Dylan (Joey Batey) and Jude (Sophia Sibthorpe) are best friends at university. They’re currently working on a piece of performance art, but are continually interrupted by their violent yet vulnerable friend Jo (Tamara Astor) and Dylan’s well-meaning yet prejudiced father (George Potts). This set-up is a perfectly adequate frame on which to hang the characters’ sprawling conversations about the way they are in this modern world, their theories about the habit of love and need for intimacy and understanding. Often these conversations are far too hysterical. Yes, the ideas are interesting and believably urgent, but anxiousness to put them forward does not need to be so clearly signposted by such dramatic declaration. The Cure is much more sophisticated than, say, a scribbled poem with copious unnecessary enjambment, or some other such easily parodied form of adolescent angst, but its origins are similar.

Though clearly packaged with some existential pondering, it’s definitely the comedy that’s most well observed throughout. Dylan asks Jude where her confidence has been hiding. “I think it was lodged somewhere behind my hymen,” she replies. The best lines are the most naturalistic – more intelligent student banter, less ill-prepared Philosophy supervision.

When at its more measured, dialogue was very occasionally delivered too fast to be audible over the sound of the fan in the sweltering room. Overall, acting is very commendable and believable (when taken into account with the play’s style), particularly Sibthorpe’s and Potts’s portrayals – the latter providing much-needed humour, the former as central to the performance as the character demands.

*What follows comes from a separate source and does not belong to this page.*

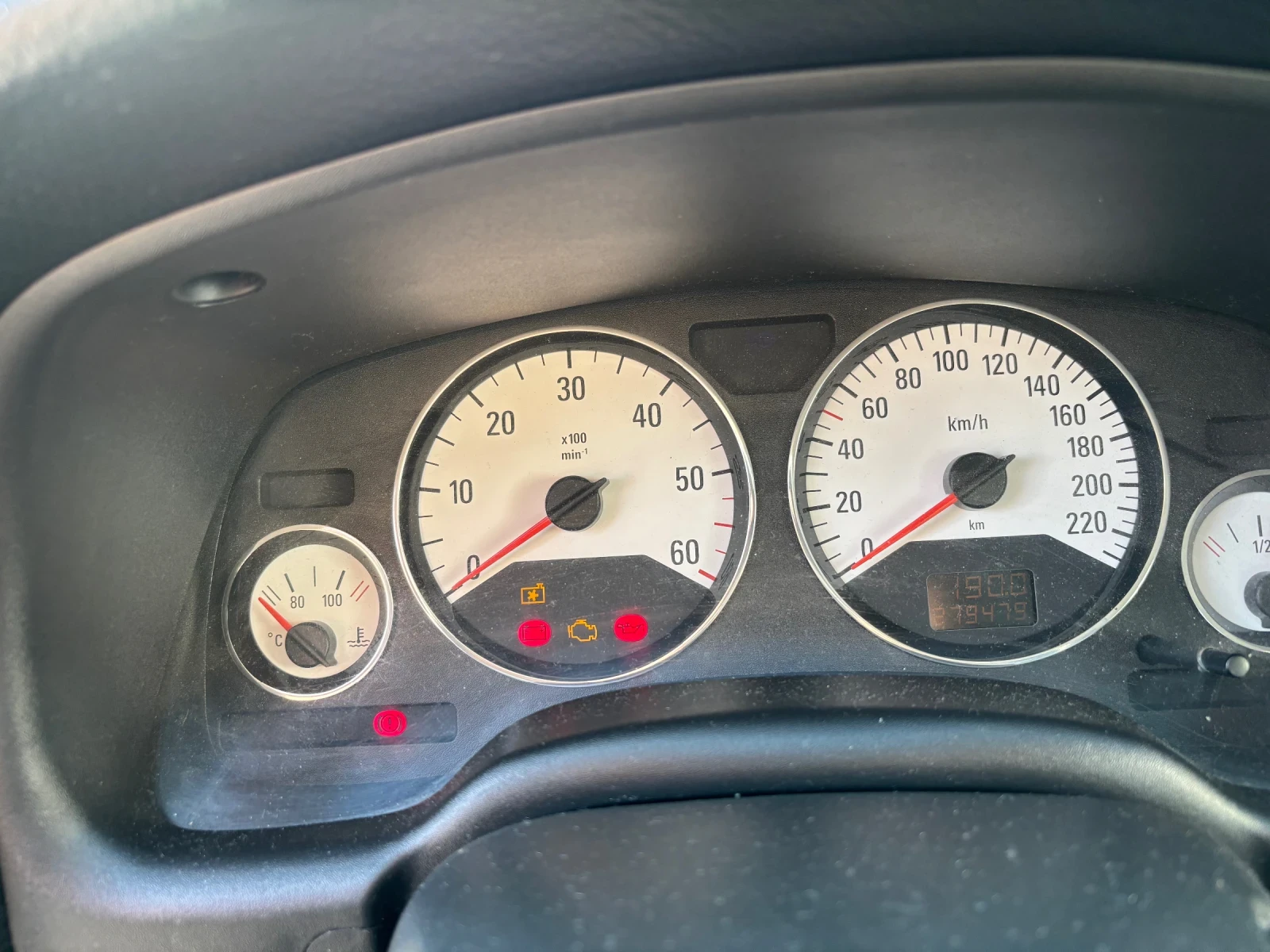 Opel Astra 2.2 DTI - изображение 10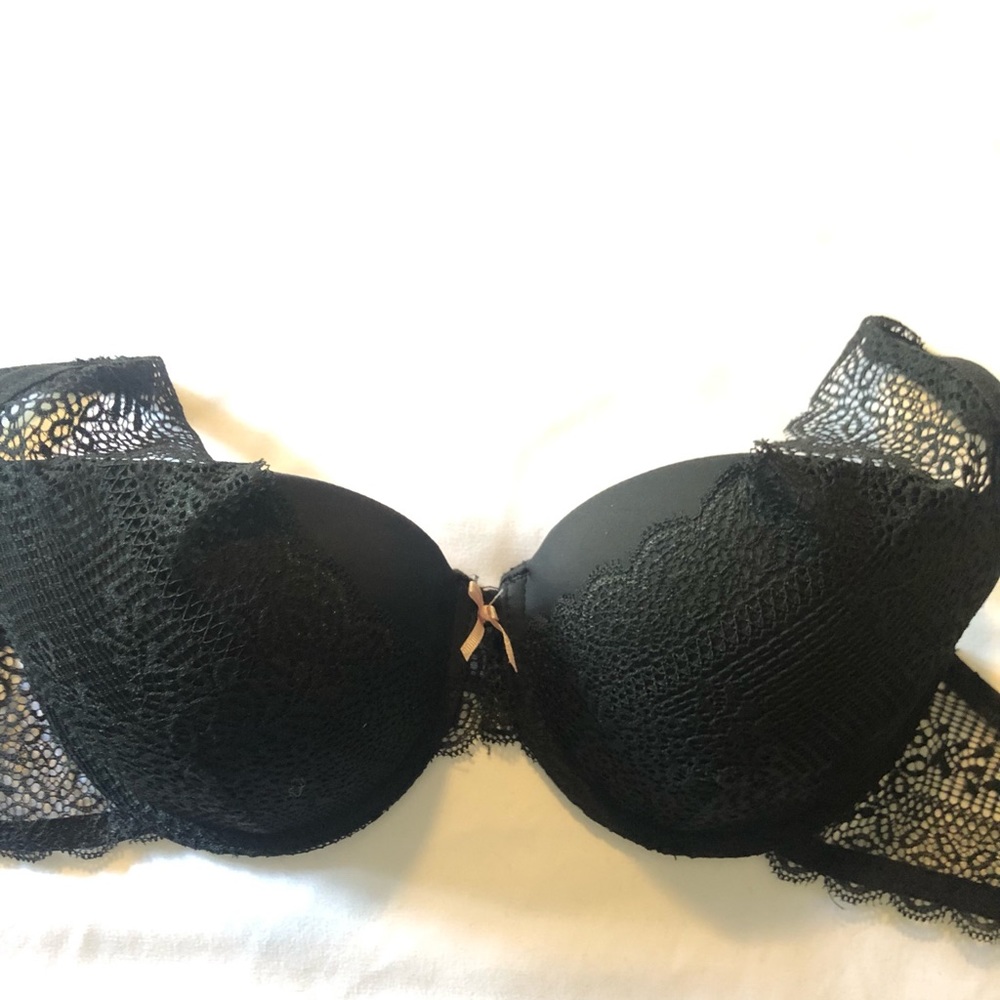 36B Daisy Fuentes underwire bra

The clever, energetic scene changes were very successful – the actors’ physical presences held the attention of the audience. Well-thought-out lighting and a varied soundtrack  were other strong points, indicative of competant and convincing direction from Simon Haines  Particularly in these aspects, the scene in which the characters went paintballing manages to be genuinely innovative. All the shouting was at last justified – the scene-setting music they must be heard over was turned up loud – and, alongside all of the emotional turbulence, the entirely odd past time of paintballing was mocked. “Zone 34 – The Palace of Persecution” the arena voice over announced, as the unathletic Dylan is hit by imaginary gunfire yet again.

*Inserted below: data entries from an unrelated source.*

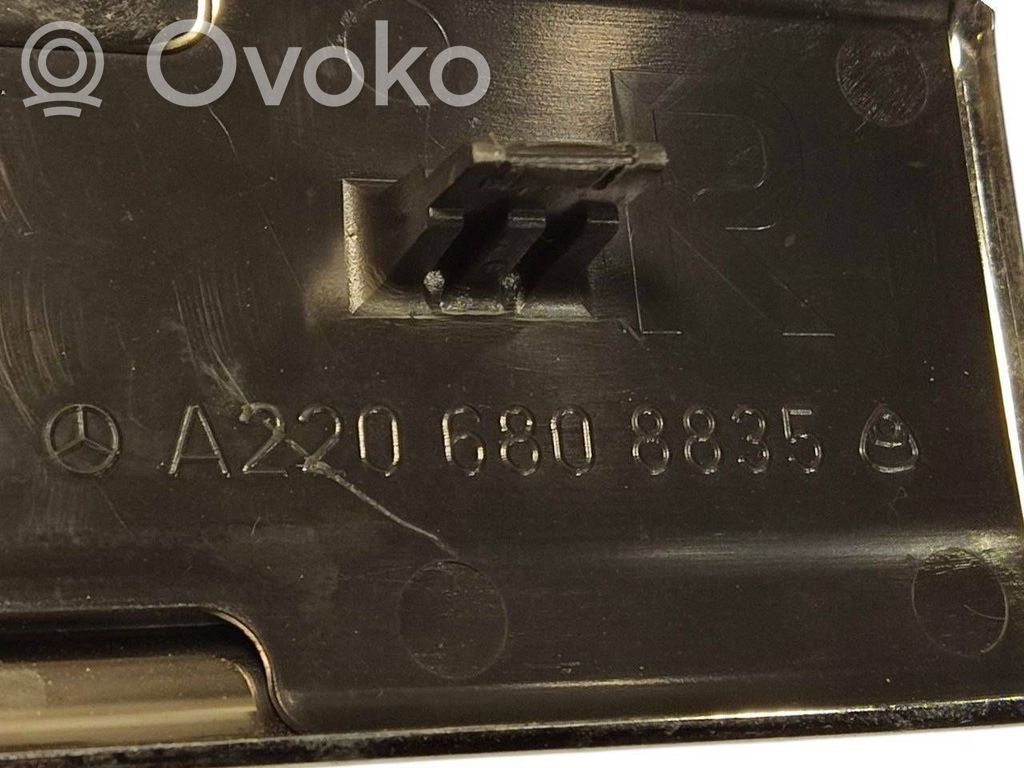 Priekšējā sliekšņa dekoratīvā apdare (iekšējā)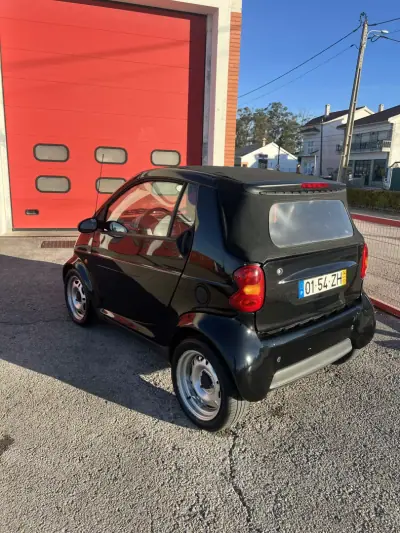 Smart Fortwo Cabrio 2004 - 2999 EUR, 205000 km - AUTO.MOTO.pt - 205000km - foto 3 de 6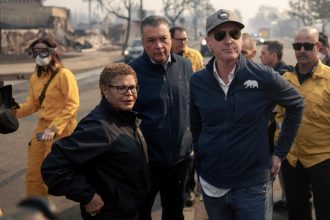 video primarul din la karen bass a ramas fara cuvinte intr un interviu fiind intrebat despre gestionarea incendiilor si taierile bugetare 677ffec8568dd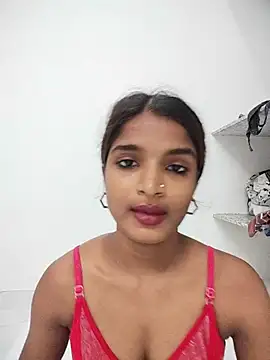 Honey-000 live cam on StripChat
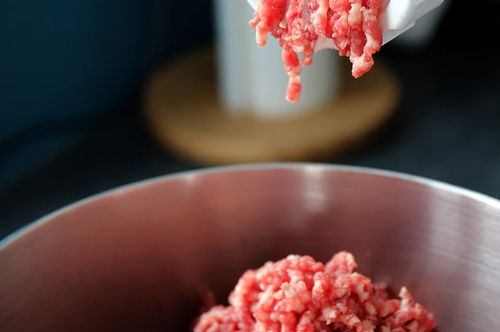 梦见别人吃肉是什么意思，梦见吃肉是什么意思梦见吃排骨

The complex, funny and insightful relationships between the characters remained more exciting than the confusing philosophies. But what is here is promising: the ideas that The Cure contains just need to find a way to sit comfortably in the naturalistic setting that all involved are trying to depict.

You might well recognise aspects of yourself or people you know in the characters onstage, but that doesn’t necessarily mean you’ll care sufficiently about what happens to them. The issues of Dylan, Jude and Jo will clearly remain unresolved after the curtain has fallen.